Reading the rules the IOC is imposing on athletes competing at London 2012, makes me cry out loud.  IOC, STOP and THINK.  You are potentially challenging the largest consumer-powered communication engine to a fight to the death and I think I know who’ll win.

What is social media best known for – quick updates and fast thinking sound bites.  Here’s what people accredited for the Games can do “…postings, blogs or tweets should be in a first-person, diary type format and should not be in the role of a journalist – i.e. they must not report on competition or comment on the activities of other participants or accredited persons.”

So I can say what I’m doing but not that I just beat someone else or noticed them eating, breathing or taking off an (unbranded) shirt.

All sounds unworkable and just too onerous – except that the threat of being chucked out and de-accredited may mean athletes decide just not to do any social media at all to be on the safe side.

As one commentator, Chris Matyszczyk, says

…the IOC might not yet understand the instant impulses that tweeting engenders.

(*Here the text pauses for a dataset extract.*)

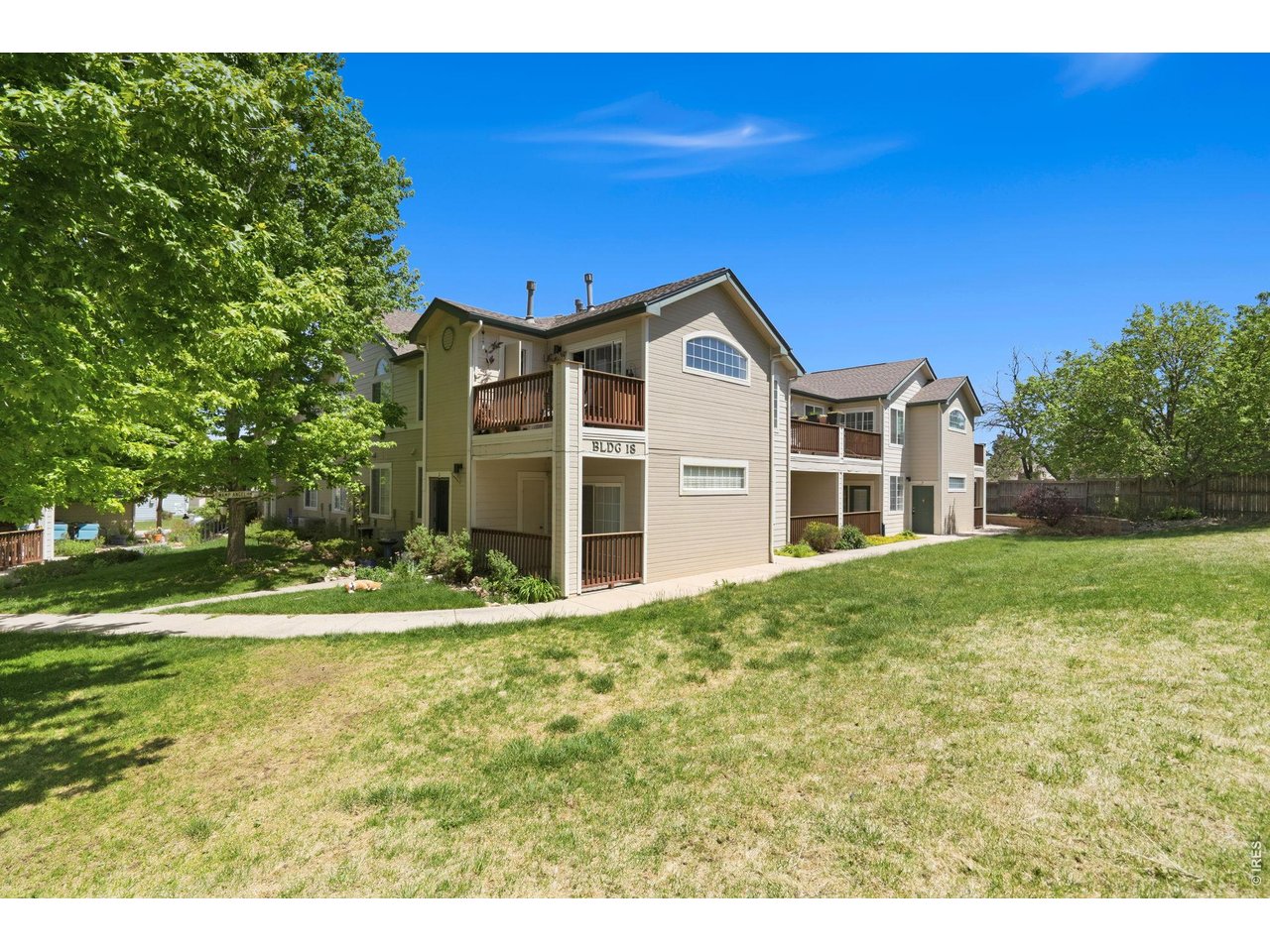 Photo of 3002 W Elizabeth St #18D Fort Collins CO 80521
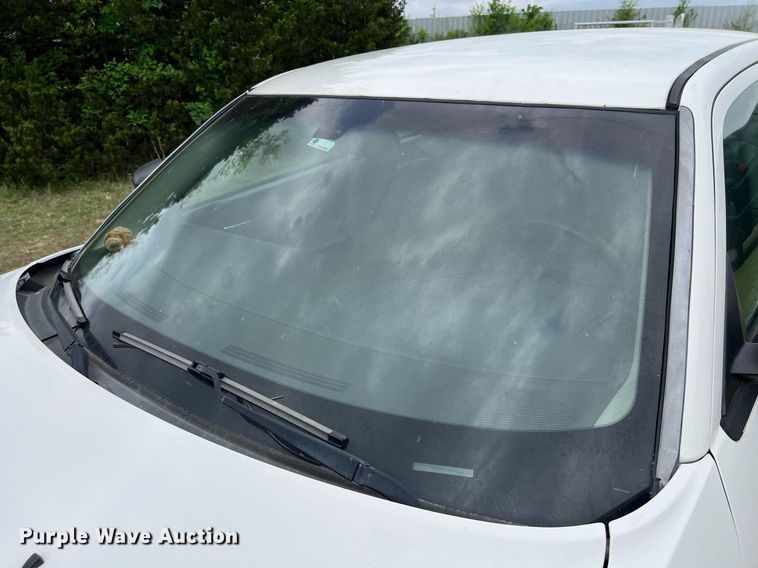 image for item EL2013 2006 Dodge Magnum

You grab your phone. You cradle your laptop. Out pop words whose speed is that of a Usain Bolt from the blue.

The long history of regulation and control of the Olympic branding and logo is well known (Rowperfect even  got a “cease and desist” letter in 2000 for using a photo of an athlete in GB kit and mentioning that they trained using our product, as did Carl Douglas).

So the rules include the statement “Participants and other accredited persons must not use the Olympic Symbol – i.e. the five interlocking rings used alone on their postings, blogs or tweets on any social media platforms or on any websites.”  You also can’t create a website with the word olympic in the URL but can create a sub-page like rowperfect.co.uk/olympics – for the duration of the games….till 15th August 2012.  What’s the point?  Make and leave a legacy not create and take down.

And above all there’s full personal legal liability AND the Games police will be watching from the Olympic offices www.olympicgamesmonitoring.com password protected and restricted access.